Just like George Best
If ever there was proof that age is just a number, then Iyseden Christie's exploits in the FA Cup recently is it.
The former Mansfield Town and Leyton Orient striker, who turns 38 next month, hit a double hat-trick for Halesowen Town - who play in the eighth tier of English football - in a 7-1 win against Ellistown & Ibstock United to secure his team's place in this weekend's third qualifying round.
"Everything that came my way ended up going in," Christie says.
"I scored with my head, left foot and right foot, so it was the perfect hat-trick, except it happened twice!"
Christie's goal-scoring feat is reminiscent of George Best grabbing six in a FA Cup fifth-round win for Manchester United against Northampton 44 years ago.
"Iyseden had scored three by half-time and when he went into the dressing room he looked at me and said 'don't take me off boss'," says Halesowen Town manager John Hill.
"At that stage I reckon he was thinking about a double hat-trick.
"It is good because it is special for him, and it has brought some great publicity to the club.
"Every now and then people just need a reminder of how great the competition is and Iyseden scoring six goals at 37 does that."
Chelmsford's Champions League-winning fan
Not too many FA Cup games at this stage of the competition would have a European Championship winner watching in the crowd, but that was the case for one second qualifying round fixture.

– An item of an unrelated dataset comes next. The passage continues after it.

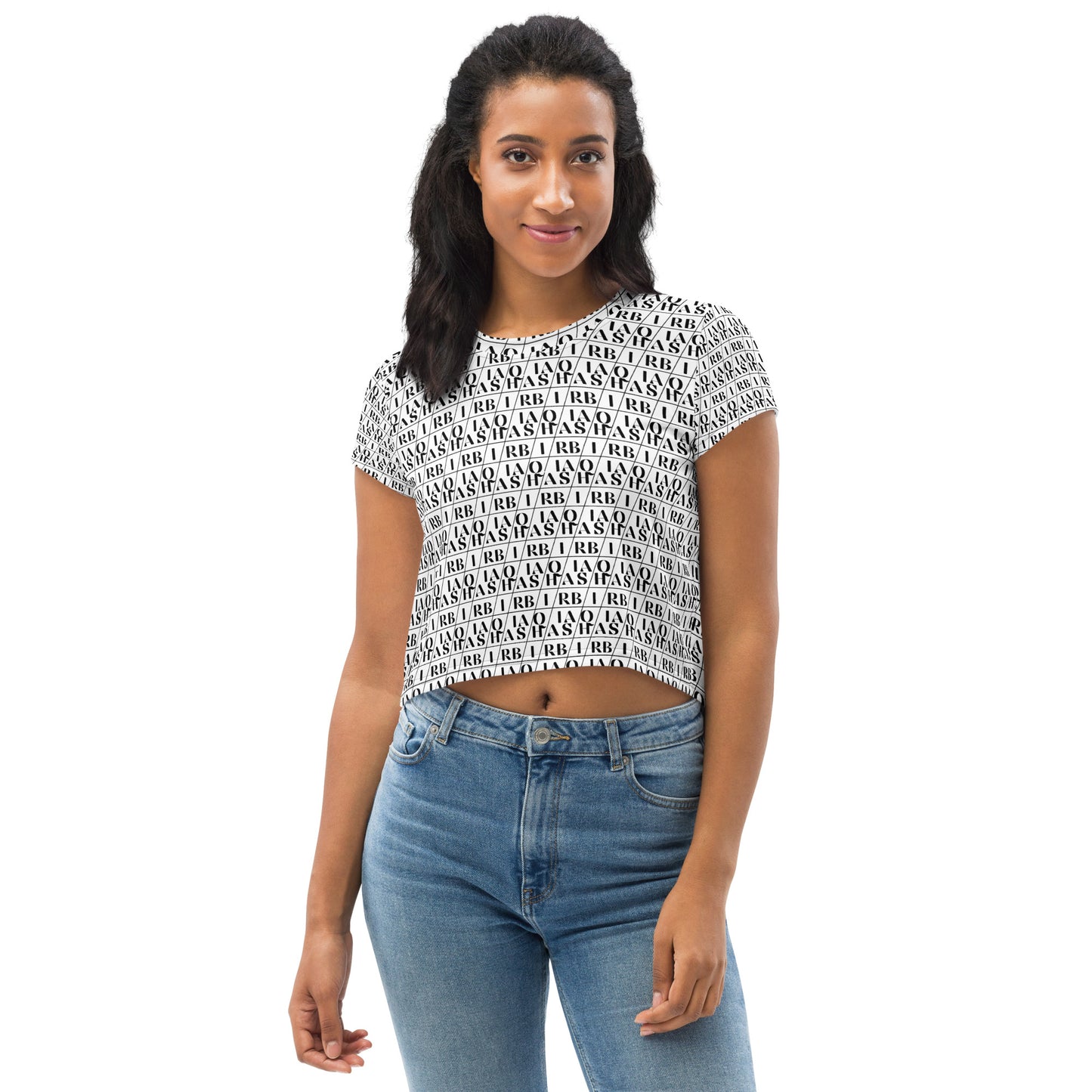 Shanb Iraqi # All-Over Print Crop Tee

Former Tottenham midfielder Steffen Freund, who was part of Germany's Euro '96-winning team and also won the Champions League while at Borussia Dortmund, was among the modest crowd who watched Chelmsford City beat Worthing 6-0 last month.
He was there to watch his son Niklas make his FA Cup debut in the Chelmsford goal.
"Making my FA Cup debut was nerve wracking," says Niklas. "My dad came to watch, so did all my family and my girlfriend. I wanted to do well for myself and the team of course, but also for them.
"Playing in the FA Cup is a dream. It's amazing to see what it means to fans in this country even at these early stages."
Steffen Freund was renowned for being a tough-tackling no-nonsense midfielder during his playing days, and Niklas believes elements of his father's characteristics have been passed on to him.
"I think I am similar to my dad," he adds.
"I always want to show my passion. I always want to help the team even if I am on the bench and sometimes you have to fire everyone up."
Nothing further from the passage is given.